Reproduce only what runs from the line containing "Lame de Pare-chocs" to the line containing "Gold Plated Silver - Green" in the records below, inclusive. Keep it exact, and keep the pictures out.
──────── SOURCE DATA
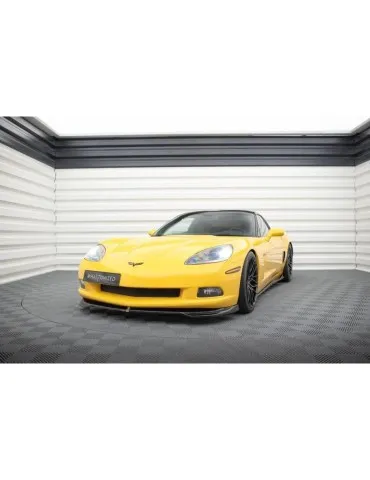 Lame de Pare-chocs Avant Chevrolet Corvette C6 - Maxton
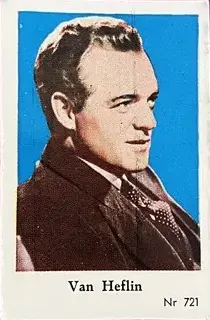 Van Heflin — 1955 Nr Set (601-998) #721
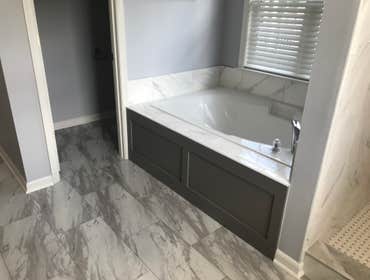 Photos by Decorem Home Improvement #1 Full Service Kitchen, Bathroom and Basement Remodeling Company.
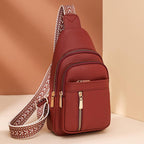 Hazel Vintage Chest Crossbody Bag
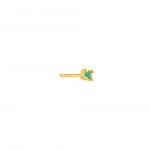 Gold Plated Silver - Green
────────────────
──────── SOURCE DATA
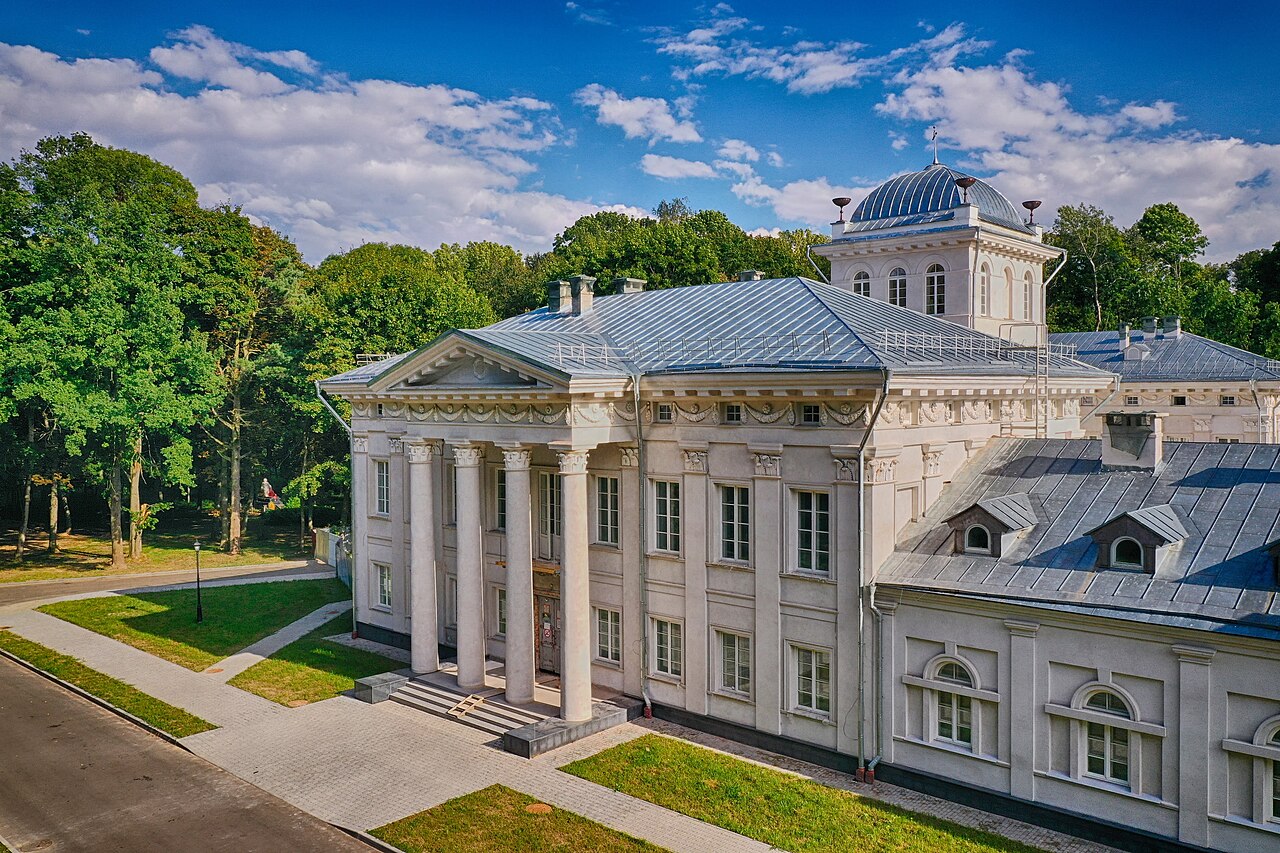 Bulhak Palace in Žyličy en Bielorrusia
────────────────
— ANSWER SECTION —
 Lame de Pare-chocs Avant Chevrolet Corvette C6 - Maxton
 Van Heflin — 1955 Nr Set (601-998) #721
 Photos by Decorem Home Improvement #1 Full Service Kitchen, Bathroom and Basement Remodeling Company.
 Hazel Vintage Chest Crossbody Bag
 Gold Plated Silver - Green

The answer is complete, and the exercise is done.